DATA PROVIDED:

- Opening Delimiter -

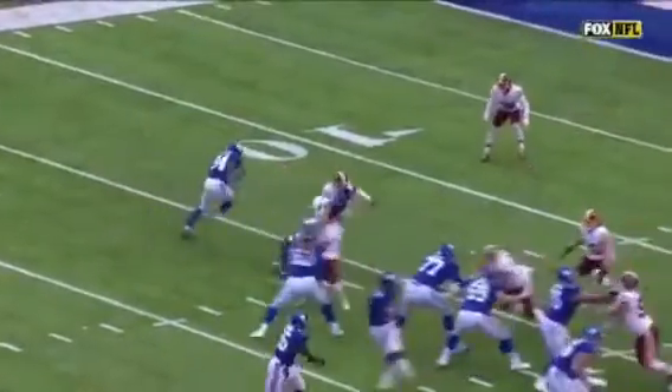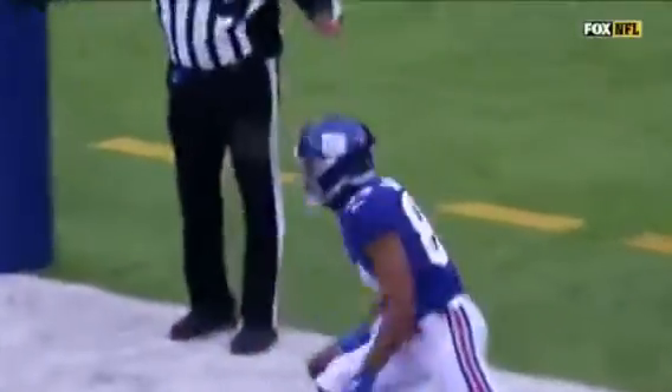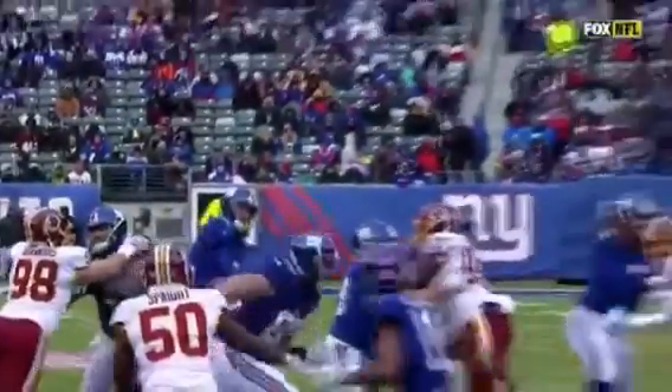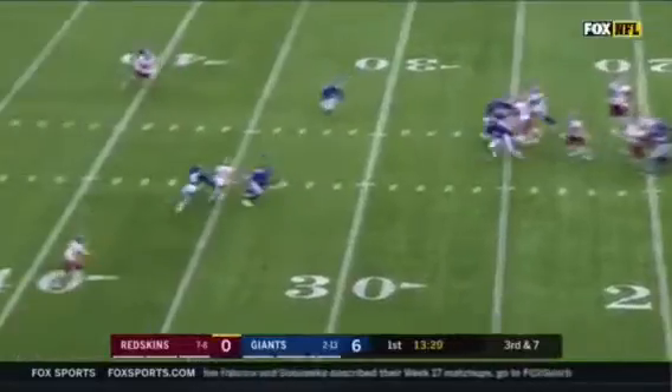Wasn't gonna happen without good protection. But then, this is just leverage — see the outside leverage of the corner. Eli sees it right away, knows he can beat the safety coming inside out. That ball's right where it needs to be. Of course they're gonna go for two right here. This is what the Giants love to do at this time.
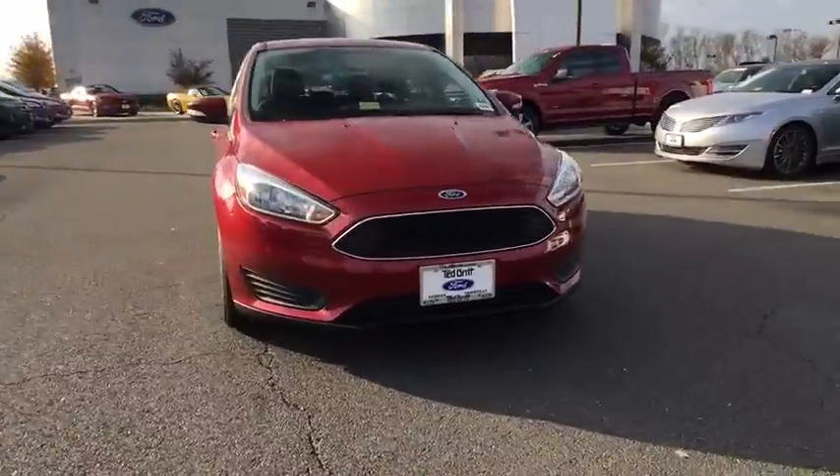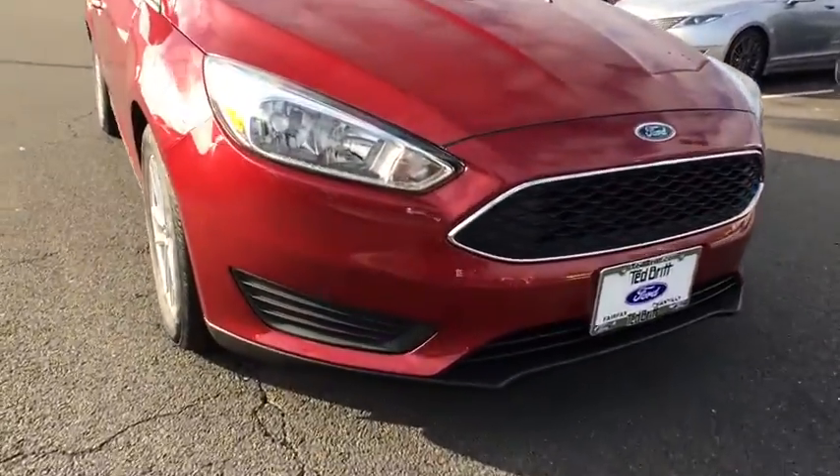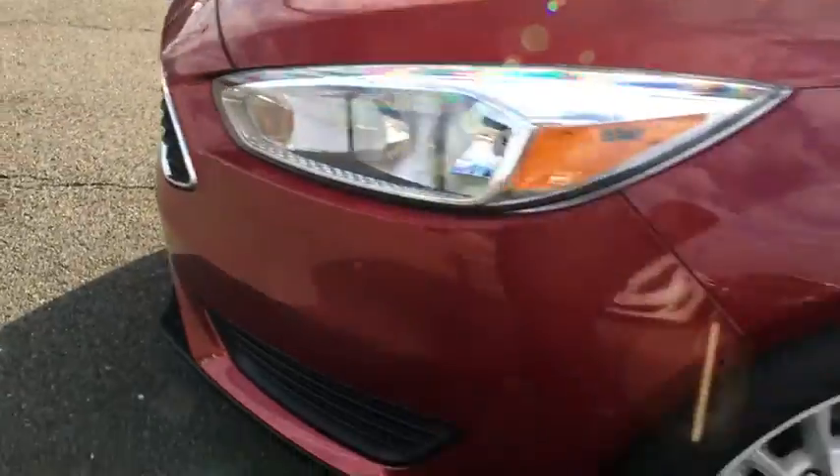If affordable style and reliability are what you're looking for, this vehicle couldn't be more perfect. Drive it today.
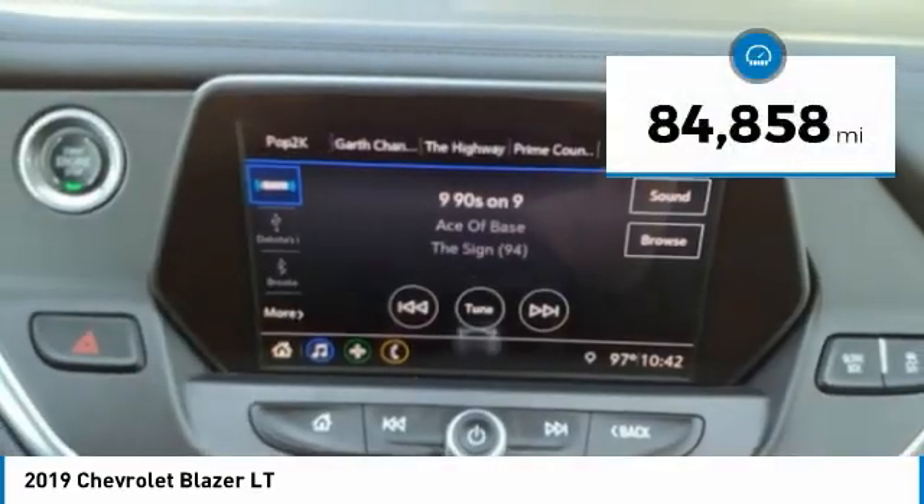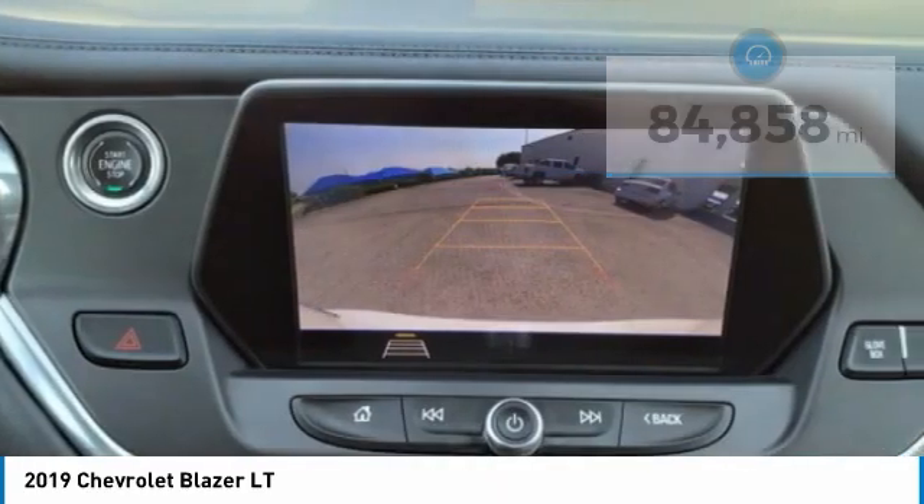This vehicle has less than 85,000 miles. Here are some of this vehicle's great options.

- Closing Delimiter -

THE PROBLEM: All of the listing above must be output exactly, except for its pictures.

COMPLETED EXERCISE:
Wasn't gonna happen without good protection. But then, this is just leverage — see the outside leverage of the corner. Eli sees it right away, knows he can beat the safety coming inside out. That ball's right where it needs to be. Of course they're gonna go for two right here. This is what the Giants love to do at this time.
If affordable style and reliability are what you're looking for, this vehicle couldn't be more perfect. Drive it today.
This vehicle has less than 85,000 miles. Here are some of this vehicle's great options.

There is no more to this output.